Agentifying Your Business
Corporate mandates, strategy decks, and who actually ships agents
Somewhere in your company right now, someone is drafting a memo about “agentifying the business.” It will mention productivity gains, competitive advantage, and a phased rollout. It will not mention infrastructure. It will fail.
A decade ago it was “digital transformation.” Same slide decks. Same gap between mandate and execution.
The Strategy Deck
I recently saw an AI strategy deck intended for distribution across a portfolio of companies. Polished. Structured. Clearly AI-generated itself. Three pillars, a maturity model, phased rollouts by quarter.
The underlying argument had substance. The people behind it understood what they wanted. But the presentation undermined the message. You could see the skeleton of a real strategy buried under paragraphs of filler, every section following the same rhythm, the same slightly-too-perfect transitions.
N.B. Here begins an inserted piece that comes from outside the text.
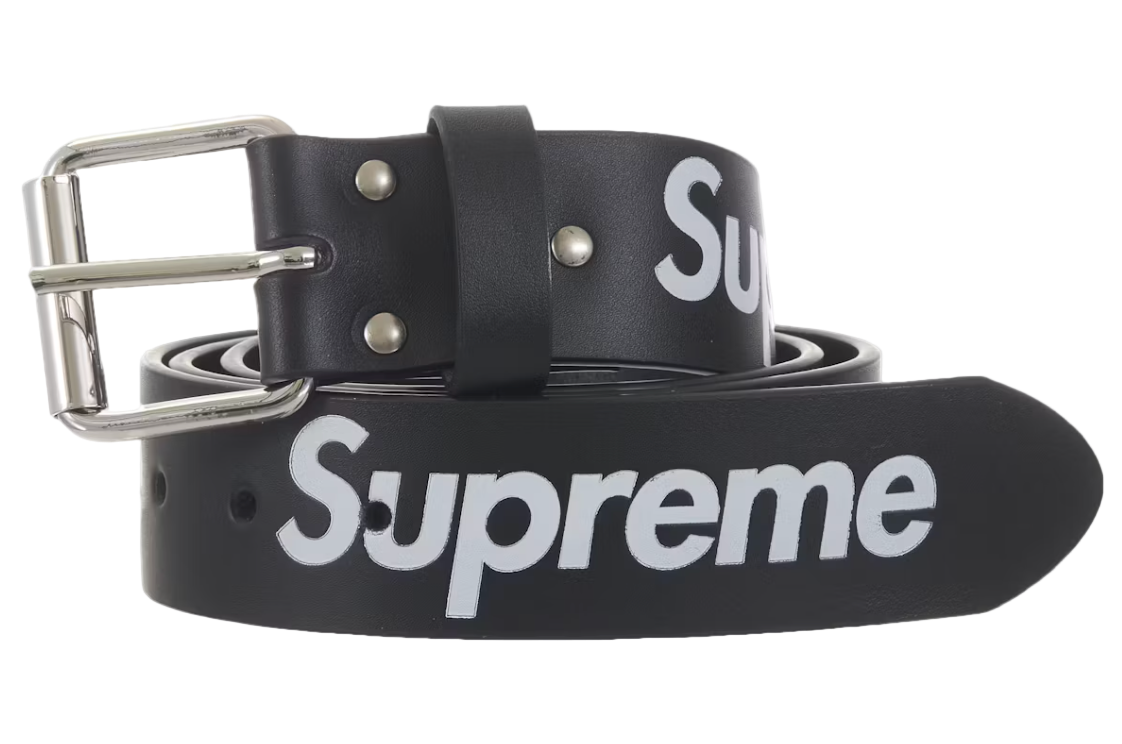 Supreme Repeat Leather Belt (FW25) Black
The irony was right there: they used AI to write about the strategy instead of to execute it. The deck described what agents could do for operations. Nobody had built one yet.
Strategy without tactics.
Why Mandates Fail
Most companies try to buy their way in. “Get us an AI platform, plug in our data, agents appear.” The vendor demo used clean data and a curated scenario. Your data is messy. Your scenarios are weird. Your ticket routing logic, escalation rules, attribution model: all custom. The platform handles none of it. The result is expensive shelfware, or worse, a “customization project” that costs more than building from scratch.
The next instinct is to hire. Five AI engineers, a new team, a mandate to “agentify operations.” But they don’t know the operations. The ops people don’t trust them. The agents work in demo, break in production, and the ops team goes back to spreadsheets. Domain knowledge matters more than AI knowledge, and mandates skip the domain knowledge entirely. “Agentify customer onboarding” assumes someone has actually mapped how onboarding works today. Usually nobody has.
And even when an agent ships, nobody budgets for what comes after. The agent drifts. Nobody corrects it when it’s wrong. Trust erodes. People go back to the old way and the initiative quietly dies. Human-in-the-loop isn’t a nice-to-have. It’s how agents learn your domain. Mandates treat agents as “deploy and done.” Working agents are “deploy and iterate forever.”
The Guy on the Factory Floor
The most interesting AI adoption I’ve seen has nothing to do with mandates.
A head of manufacturing engineering I know built his own purchase order system. Not a developer. A guy who runs a factory floor. He used ChatGPT to write it in Google Apps Script, connected it to his bill of materials so he could send accurate invoices. No AI team. No strategy deck. He had a problem and the tool was right there.
A friend in IT is building a knowledgebase for his team the same way. Operations teams are doing their own context engineering with Claude. None of these people waited for permission or a “phased rollout.” They needed a problem worth solving and a tool that was accessible.
People closest to the problem, building for themselves. Not a centralized team building for someone else based on a requirements document that was already outdated when it was written.
Two Years, Not Two Quarters
Two years ago, in the GPT-3 era, we were heavily engineering every workflow. Hand-crafted prompts, brittle pipelines, constant babysitting. I burned plenty of tokens on workflows that went nowhere before anything stuck. Over time the ones that survived became self-improving: agents that corrected their own output, harnesses that learned from human feedback. Now we’re building with agent SDKs and composable skills.
That progression took two years of daily iteration. You can’t skip it with a memo.
Nobody declared “we’re agentifying.” An engineer was drowning in 2,000 daily errors and built a triage agent. Someone asked “how much does it cost to serve each client?” and a BI pipeline appeared in a day. A security rollout was painfully manual, so the API got wrapped in skills. Same harness, same patterns, different domains. The infrastructure made each new agent cheap. By the time someone asked “when are we going to agentify?” we already had.
The thing mandates skip is that the first agent is a bespoke project no matter what. The value isn’t in agent number one. It’s in the harness that lets you build agent number two in a day instead of a month. Without that, every agent is a standalone effort that doesn’t compound. If someone needs a business case and ROI projection to build a 200-line script that saves two hours a week, you’ve already lost. (The economics always work at the small scale. The compound effect is what works at the large scale.)
The Roads Come First
Tobi Lütke told Shopify employees to use AI before requesting headcount. That sounds like the kind of mandate I’ve been arguing against. But look at what came before the memo: no cost limits on AI tokens, 24+ MCP servers wrapping internal systems, prompt libraries, usage leaderboards, leaders visibly coding with AI. They didn’t mandate agents. They mandated access and removed friction. Agents emerged. Non-engineering teams ended up using AI tools more than engineering.
The memo was the last step, not the first. Shopify spent years building the roads. The memo just said “drive.”
Most companies are issuing the memo without the roads. Build one agent that solves one real problem. Let the person closest to the problem build it. Make the second one cheaper than the first. The strategy will emerge from what works.
What’s actually working in your org: the mandate or the people ignoring it?